- **Task directions**: Transcribe the entries below exactly from their first line through the line containing "Colorado Speckled Mugs", and let no picture into the copy.

- **Information supplied**:
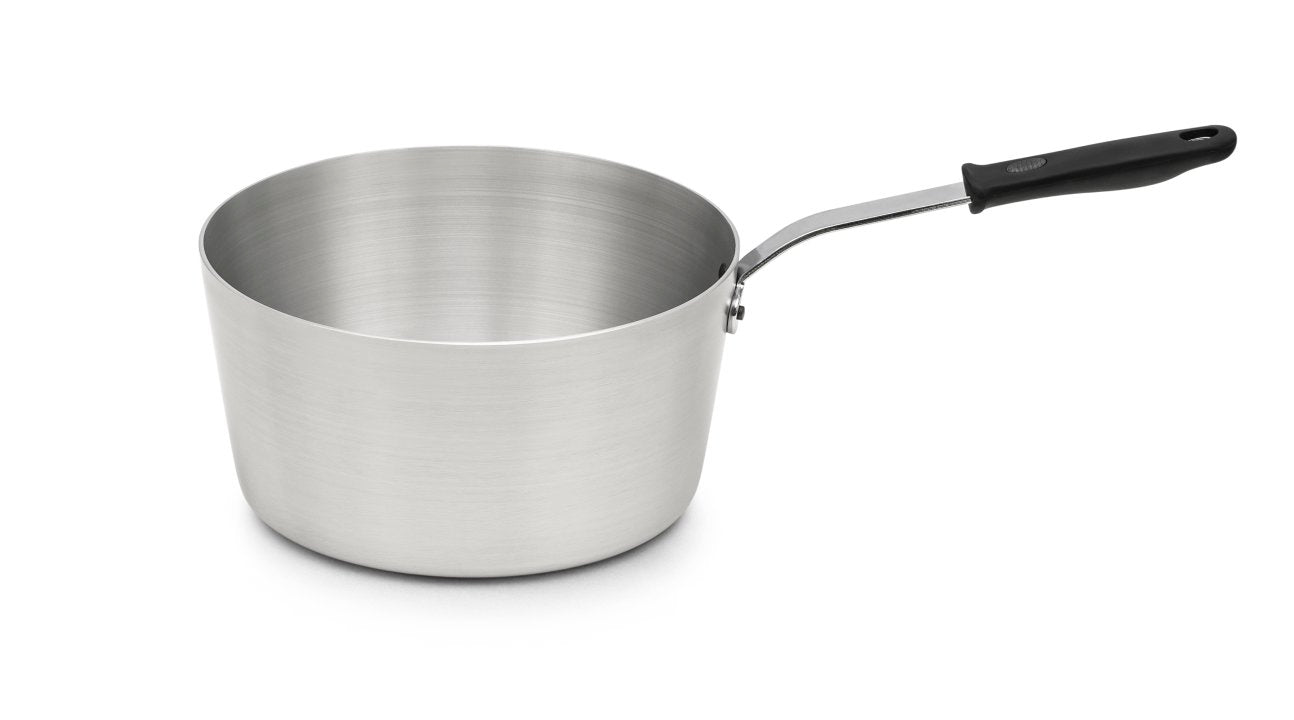 Vollrath 682185 Wear Ever 8.5 Quart Aluminum Sauce Pan with Silicone Handle - Perfect for Commercial Kitchens, Restaurants & Catering Services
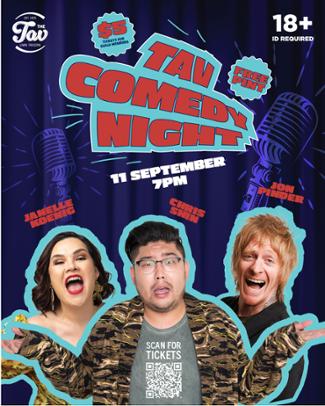 An image depicting Comedy @ the Tav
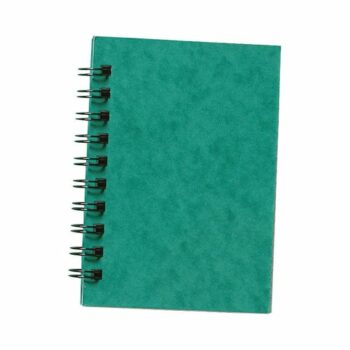 Silvine Luxpad Hardback Wire Notebook Ruled Perforated A6 SPA6 - Pack 12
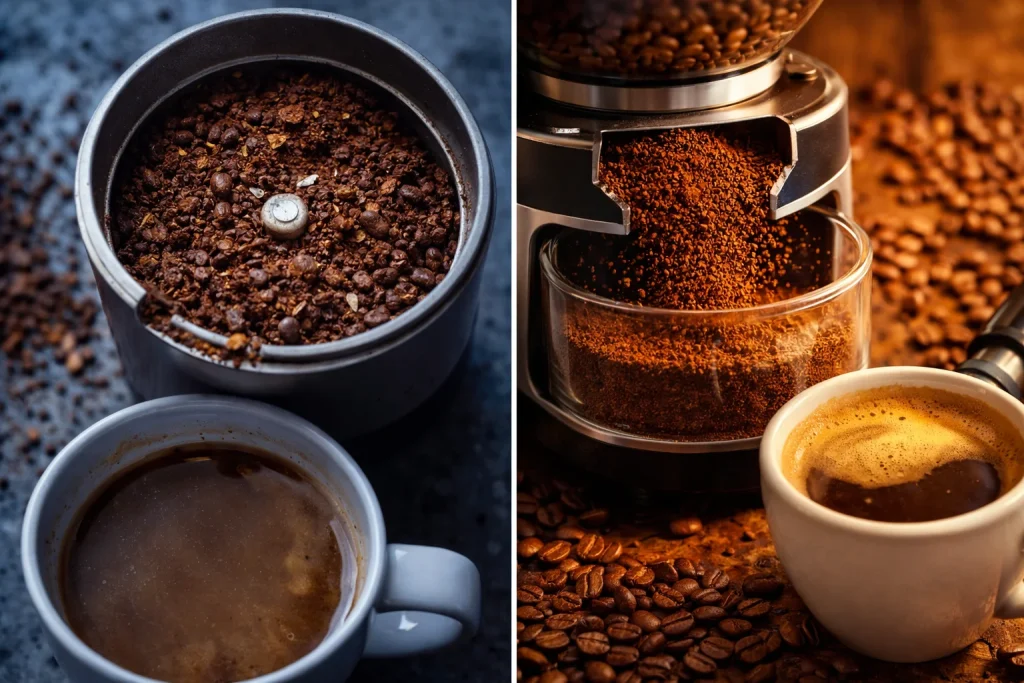 بهترین دانه‌های قهوه بدون آسیاب درست طعم خوبی ندارند. در واقع آسیاب قهوه مرحله میانی بین دانه قهوه و دم‌آوری آن است. اگر به‌درستی پیش نرود، طعم نهایی خوشمزه نیست.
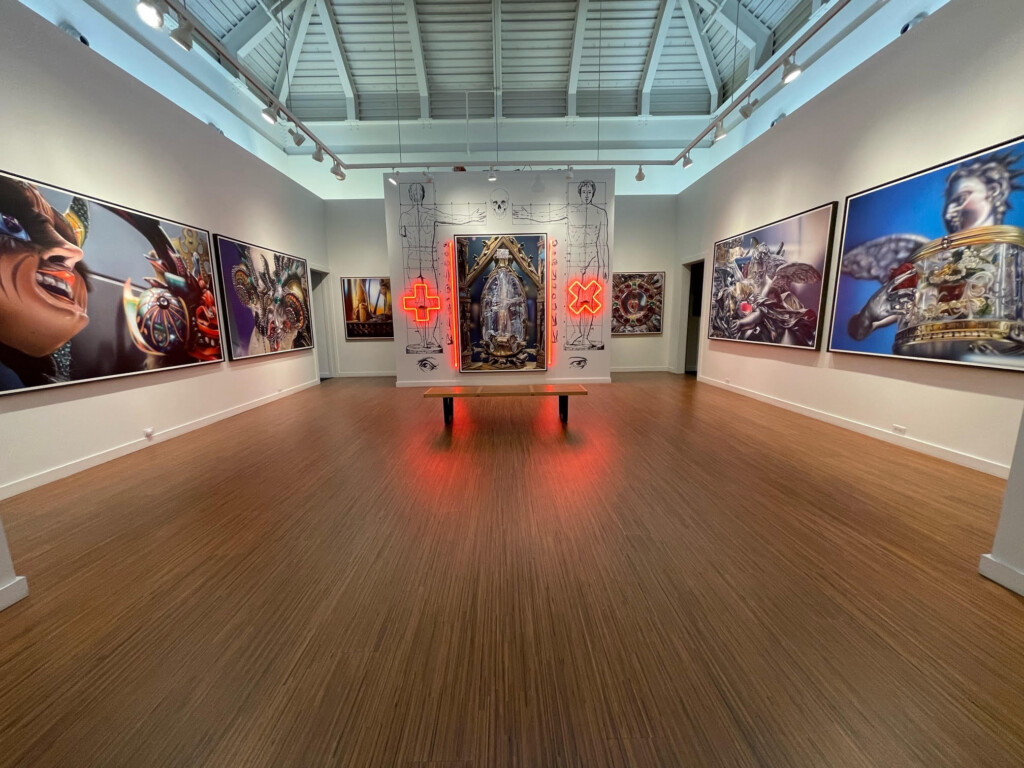 View of Richard Heipp's paintings at Florida Mining 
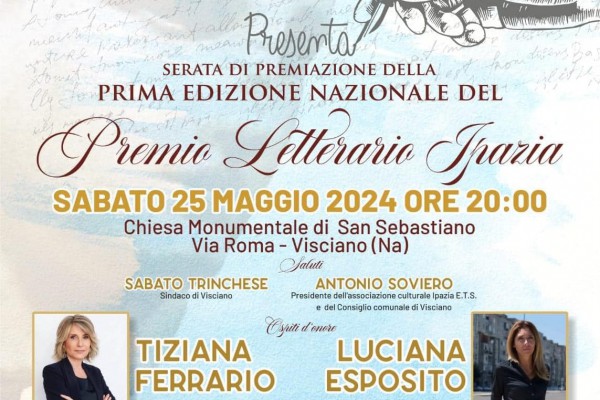 Il concorso letterario nazionale di Ipazia. A Visciano la serata finale di premiazione. Tanti ospiti e sorprese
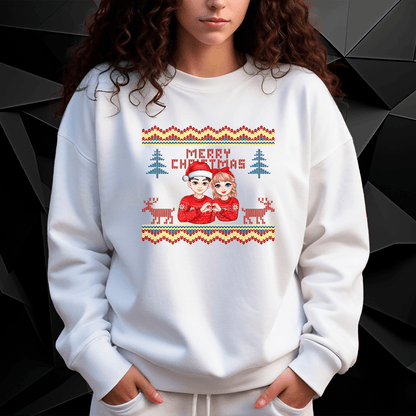 Personalizowana bluza damska z własnym nadrukiem CLIPART GWIAZDKOWY - prezent dla niej - idamell.com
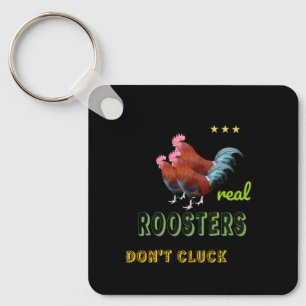 Porte-clés Véritable coq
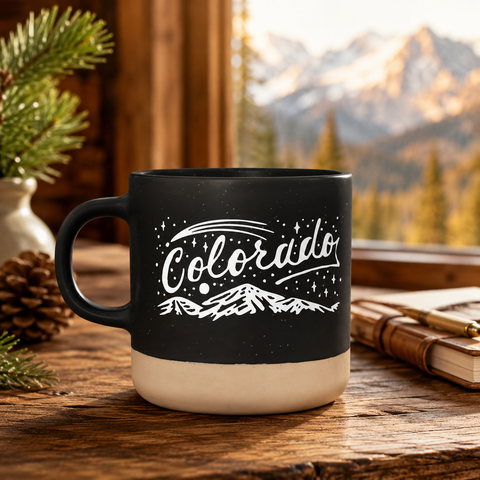 Colorado Speckled Mugs
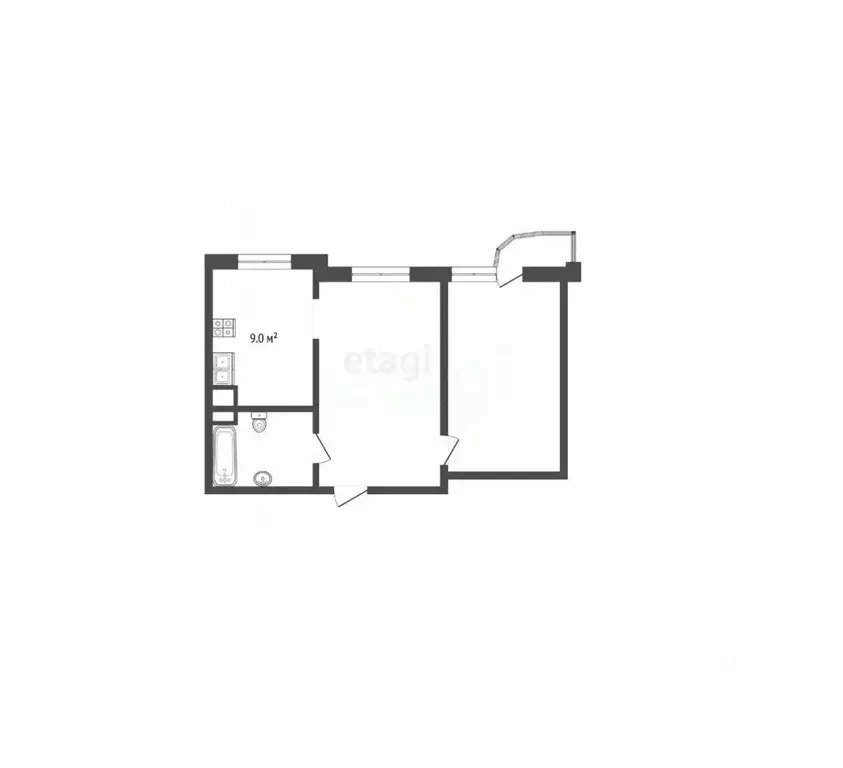 2-к кв. Москва Большая Марфинская ул., 1к3 (53.6 м) - Фото 2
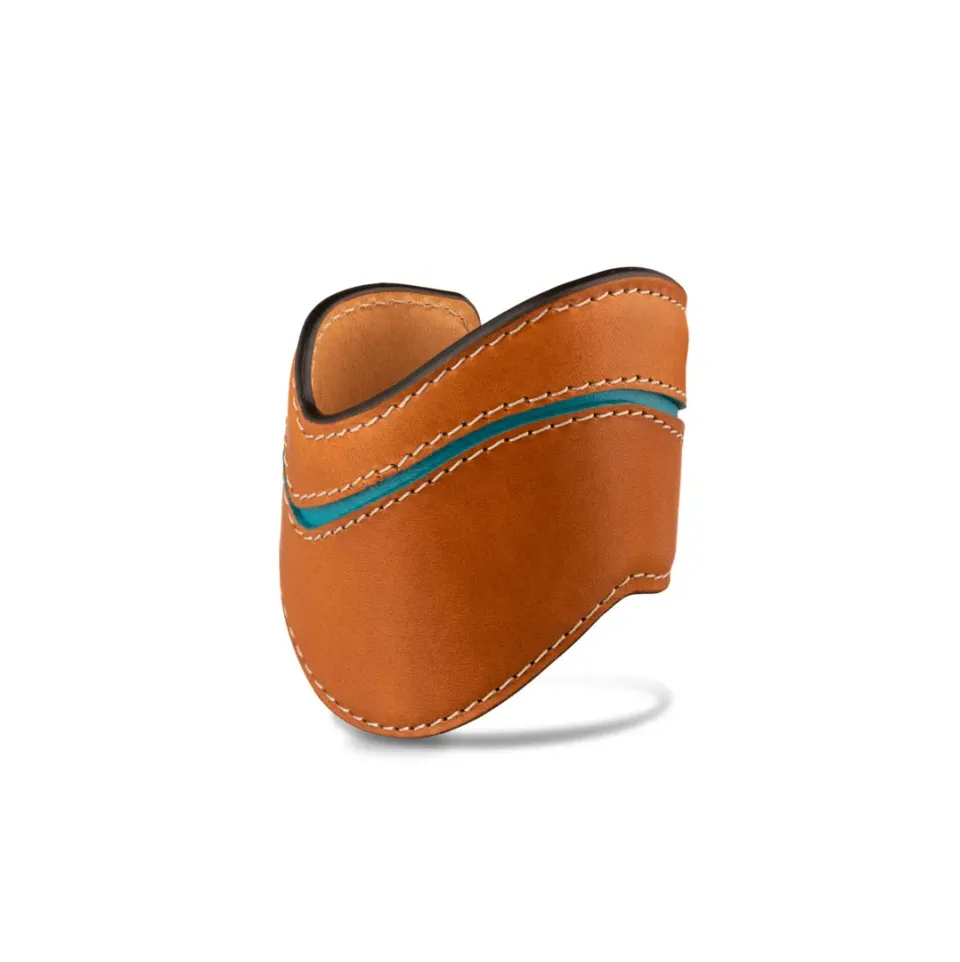 Re Artù in Firenze Mera bracciale pelle cognac turchese
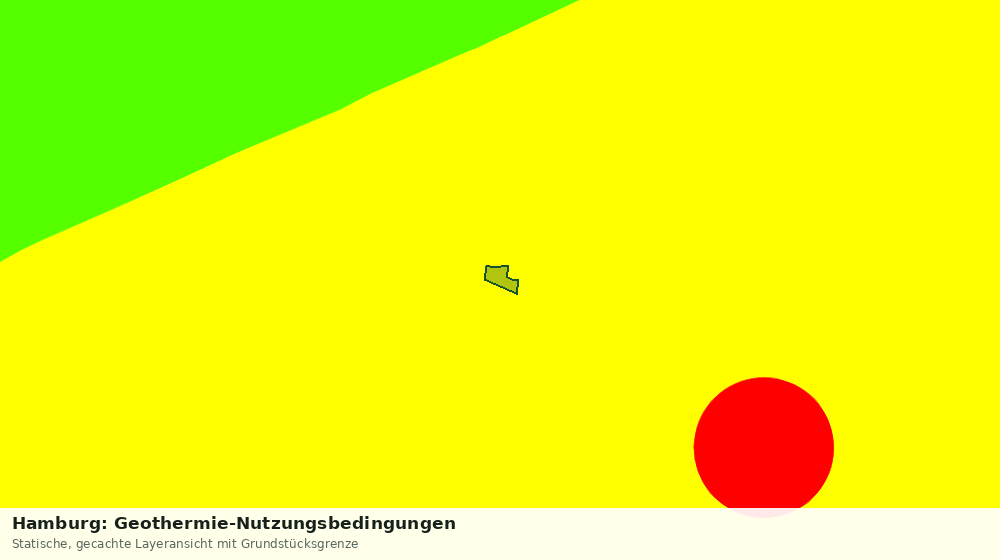 Statische Kartenansicht: Hamburg: Geothermie-Nutzungsbedingungen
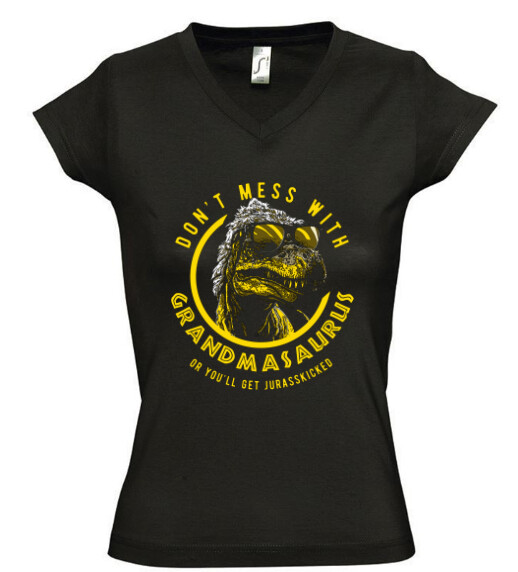 Női V nyakú póló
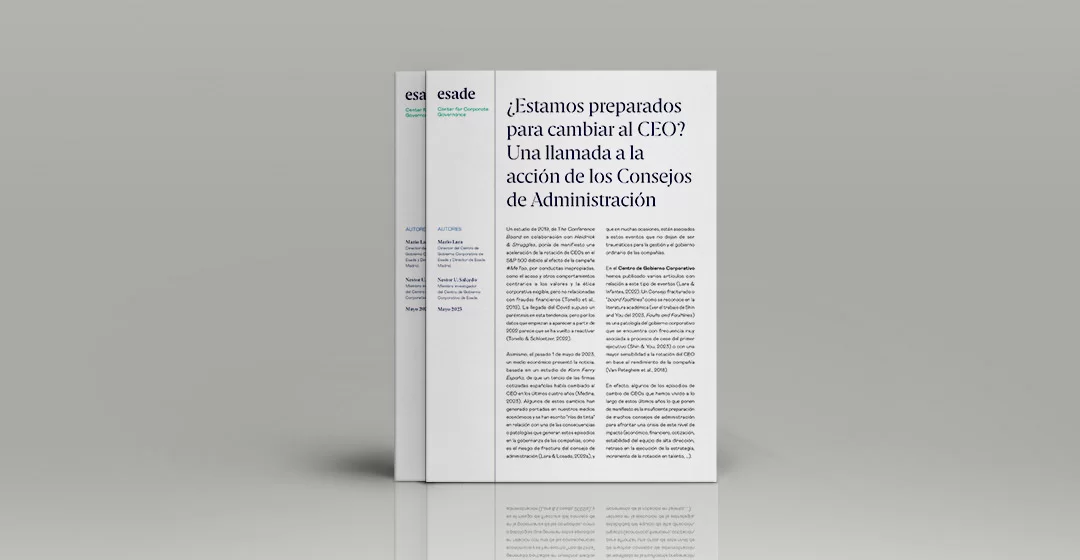 ¿Estamos preparados para cambiar al CEO?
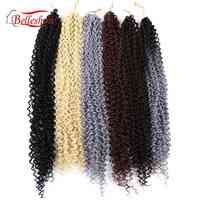 Frevitesse — cheveux ondulés, tresses au crochet, couleur ombre, 22 pouces, offre spéciale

- **Answer space**:
 Vollrath 682185 Wear Ever 8.5 Quart Aluminum Sauce Pan with Silicone Handle - Perfect for Commercial Kitchens, Restaurants & Catering Services
 An image depicting Comedy @ the Tav
 Silvine Luxpad Hardback Wire Notebook Ruled Perforated A6 SPA6 - Pack 12
 بهترین دانه‌های قهوه بدون آسیاب درست طعم خوبی ندارند. در واقع آسیاب قهوه مرحله میانی بین دانه قهوه و دم‌آوری آن است. اگر به‌درستی پیش نرود، طعم نهایی خوشمزه نیست.
 View of Richard Heipp's paintings at Florida Mining 
 Il concorso letterario nazionale di Ipazia. A Visciano la serata finale di premiazione. Tanti ospiti e sorprese
 Personalizowana bluza damska z własnym nadrukiem CLIPART GWIAZDKOWY - prezent dla niej - idamell.com
 Porte-clés Véritable coq
 Colorado Speckled Mugs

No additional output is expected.